Expected to be here at 10am, I wasn't surprised when he rang the bell at 12:45. We had had a lively morning: the house was obviously less-than-perfect, cooking and left-overs all over the kitchen, the kids were in their underwear just out of the bath and sitting with lunch on the table, Michaela was ready to nurse and quite tired, and we were in the middle of plans for the afternoon.

So I muster my relational energy to speak professionally in Spanish with household chaos going on and find (once again not to my surprise) that the "stopping by" to pick up some things in fact would turn into an hour long visit (really, a 3 hour long visit that was cut to an hour due to all of the above!). For every sentence out of his mouth there were three tasks that I had been interrupted from, screaming for my attention. By the time the meeting had ended I was completely exasperated.

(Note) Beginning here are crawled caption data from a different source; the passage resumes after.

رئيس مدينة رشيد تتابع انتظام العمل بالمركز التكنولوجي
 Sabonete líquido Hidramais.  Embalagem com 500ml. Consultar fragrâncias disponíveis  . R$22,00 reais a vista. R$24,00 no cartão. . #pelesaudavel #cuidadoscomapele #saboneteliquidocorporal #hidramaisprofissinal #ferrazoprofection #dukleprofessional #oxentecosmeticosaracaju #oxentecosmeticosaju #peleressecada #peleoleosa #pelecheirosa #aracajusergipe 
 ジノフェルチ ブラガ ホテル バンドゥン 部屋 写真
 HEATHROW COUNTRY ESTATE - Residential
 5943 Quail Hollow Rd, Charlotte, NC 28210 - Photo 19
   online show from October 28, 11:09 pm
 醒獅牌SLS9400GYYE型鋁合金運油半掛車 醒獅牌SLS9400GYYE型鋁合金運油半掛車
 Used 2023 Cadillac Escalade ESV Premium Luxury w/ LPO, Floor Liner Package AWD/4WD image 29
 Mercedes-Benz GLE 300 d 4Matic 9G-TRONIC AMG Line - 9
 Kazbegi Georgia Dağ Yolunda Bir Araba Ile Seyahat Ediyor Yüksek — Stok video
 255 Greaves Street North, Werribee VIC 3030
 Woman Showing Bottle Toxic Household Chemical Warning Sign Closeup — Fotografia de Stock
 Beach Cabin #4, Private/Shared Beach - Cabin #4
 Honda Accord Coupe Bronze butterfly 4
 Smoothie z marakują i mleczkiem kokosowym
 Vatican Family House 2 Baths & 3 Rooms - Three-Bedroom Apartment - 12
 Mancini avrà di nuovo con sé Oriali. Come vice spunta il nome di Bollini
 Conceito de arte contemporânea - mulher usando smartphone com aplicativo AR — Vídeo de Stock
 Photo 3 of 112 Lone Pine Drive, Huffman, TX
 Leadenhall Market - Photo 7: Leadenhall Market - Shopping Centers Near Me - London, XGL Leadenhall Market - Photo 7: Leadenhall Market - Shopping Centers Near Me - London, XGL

I know that in Peru, the fact that you came is more important than what time you came.
I know that our key contacts are involved with our ministry on a volunteer basis, using their free time on Saturdays to serve with us.
I know that spending time with people shows that you value them.

But my internal mechanisms still fight against these cultural norms.
I want appointments that are on-time and efficiently brief.
I want a clear division between work life and personal life, for each to be protected from the other.
My drive is to accomplish tasks and be productive.

Although nothing was abnormal about today, some days I just fail to be as "Peruvian" as I need to be. Days like today I feel like a fish out of water.

1 comments:

Hannah Murray said...

I hear ya.... The fact that he came on the right DAY says something positive, really.